Gehaltsskandal in Duisburger Behindertenwerkstatt: Das verdienen die Chefs in der Region
Geschäftsführerin bekam 376 000 Euro pro Jahr — jetzt wurde sie fristlos entlassen. Aber was verdienen Chefs solcher Einrichtungen in der Region eigentlich? Ein Überblick.
Duisburg. In Duisburg schlägt ein Gehaltsskandal um die Ex-Geschäftsführerin der Werkstatt für Menschen mit Behinderung (WFBM) hohe Wellen: Sie hat über Jahre laut Aufsichtsrat überdimensionierte Bezüge von 376.000 Euro pro Jahr eingestrichen. Sie wurde am Mittwoch fristlos entlassen.

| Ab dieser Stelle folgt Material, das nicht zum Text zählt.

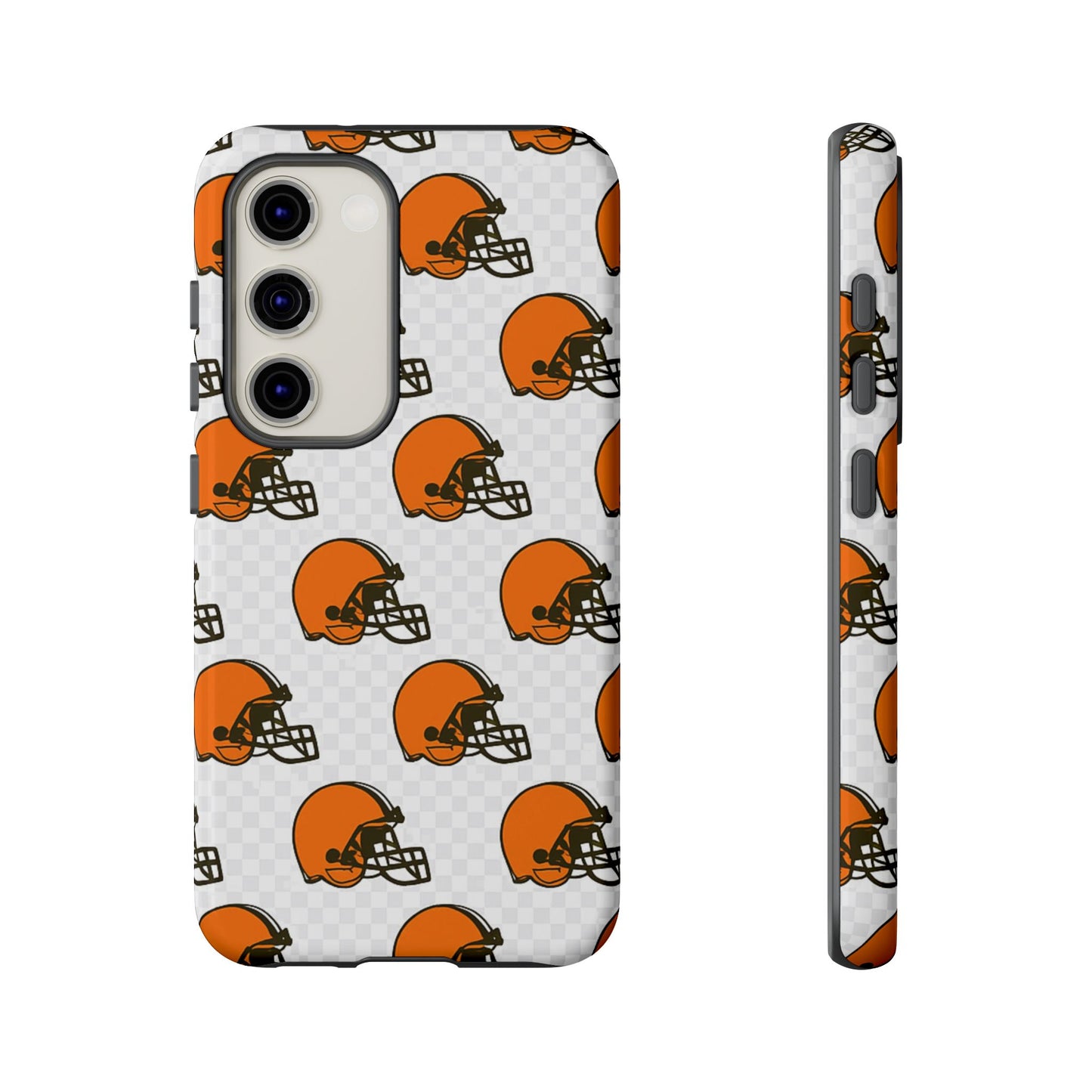 Cleveland Football Phone Case, Tough Cases for NFL Fans, Sporty Mobile Cover, Gifts for Football Lovers, Unique Team Merchandise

Laut Aufsichtsrat wusste man von den „massiven Gehaltserhöhungen“ der Chefin nichts. Diese fielen jetzt nur durch ein Gutachten von Wirtschaftsprüfern auf, die das tatsächliche Jahreseinkommen enttarnten — und darauf hinwiesen, ein akzeptables Gehalt könne maximal bei 150.000 bis 180.000 Euro liegen.

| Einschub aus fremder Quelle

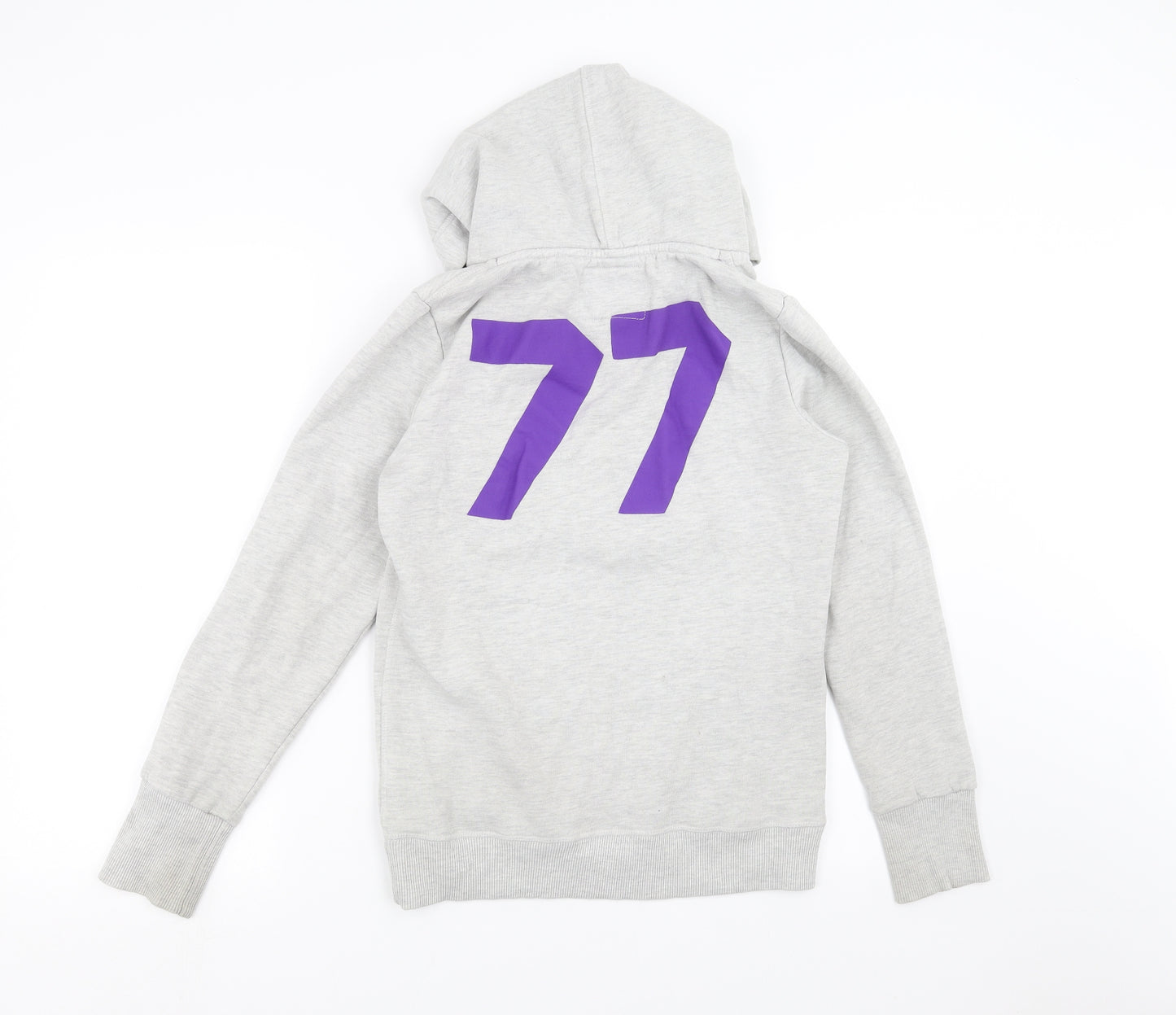 Superdry Mens Grey   Pullover Hoodie Size S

Für die Interessenvertretung „Selbstbestimmt Leben in Deutschland“ (ISL) in Berlin ist der Duisburger Fall „ein Skandal für sich“. Allerdings befürchtet Geschäftsführerin und Aktivistin Sigrid Arnade, dass hinter dem Extrembeispiel ein strukturelles Problem der Branche steckt — und dass oft zu viel gezahlt wird. Denn die Werkstätten seien zwar dem Anspruch nach gemeinnützig, es steckten aber knallhart wirtschaftende Unternehmen dahinter: „Sie fahren ordentlich Gewinne ein. Und es ist eine Ausbeutung der Beschäftigten.“ Auch 180.000 Euro Jahresgehalt für einen Geschäftsführer sei reichlich, wenn die Mitarbeiter mit Handicap im Schnitt 180 Euro im Monat verdienten — die ISL fordert für diese Beschäftigten einen Mindestlohn und eine Stärkung ihrer Arbeitnehmerrechte sowie mehr Transparenz bei den Chefgehältern.
Unsere Zeitung hakt nach — etwa bei Christoph Nieder, Geschäftsführer der Behindertenwerkstatt Proviel in Wuppertal. „Ich verdiene weniger“, sagt er mit Blick auf die Spanne von 150.000 bis 180.000 Euro. Er wisse: „Alles, was ich verdiene, steht dem gemeinnützigen Unternehmen nicht zur Verfügung.“ Durch den Trägerverein seien die Gehälter kontrolliert. „Wir sind sauber aufgestellt.“ Das glaubt auch Stefan Pauls, Geschäftsführer der Wuppertaler Lebenshilfe, der ebenfalls angibt, unterhalb der Spanne zu verdienen. Er könne zudem „seine Hand dafür ins Feuer legen“, dass kein anderer Chef einer Behindertenwerkstatt in Deutschland 376.000 Euro im Jahr bekomme. „Wir haben uns schon bewusst entschieden, im sozialen Bereich zu arbeiten und nicht in der freien Wirtschaft.“
Genau da allerdings liege das Problem, sagt Josef Neumann (SPD), Wuppertaler Landtagsabgeordneter und früherer Chef der Lebenshilfe Solingen: Man bewege sich zwischen „Rehabilitationsanspruch auf der einen und Markt auf der anderen Seite“. Für die Beschäftigten müsse der Geschäftsführer einer Behindertenwerkstatt einen geschützten Rahmen schaffen — in NRW als einzigem Bundesland gebe es auch für Schwerstbehinderte ein Anrecht auf die Arbeit —, gleichzeitig konkurriere er mit anderen Firmen etwa um die Ingenieure. „Es ist kein Job wie jeder andere im öffentlichen Dienst“, sagt Neumann. Er hält zwischen 100.000 und 180.000 Euro Jahresgehalt für angemessen — er selbst habe 10.000 Euro brutto pro Monat erhalten, aber auch bis zu 70 Stunden pro Woche gearbeitet. Und: Netto habe ein Gymnasialschulleiter als Beamter mehr.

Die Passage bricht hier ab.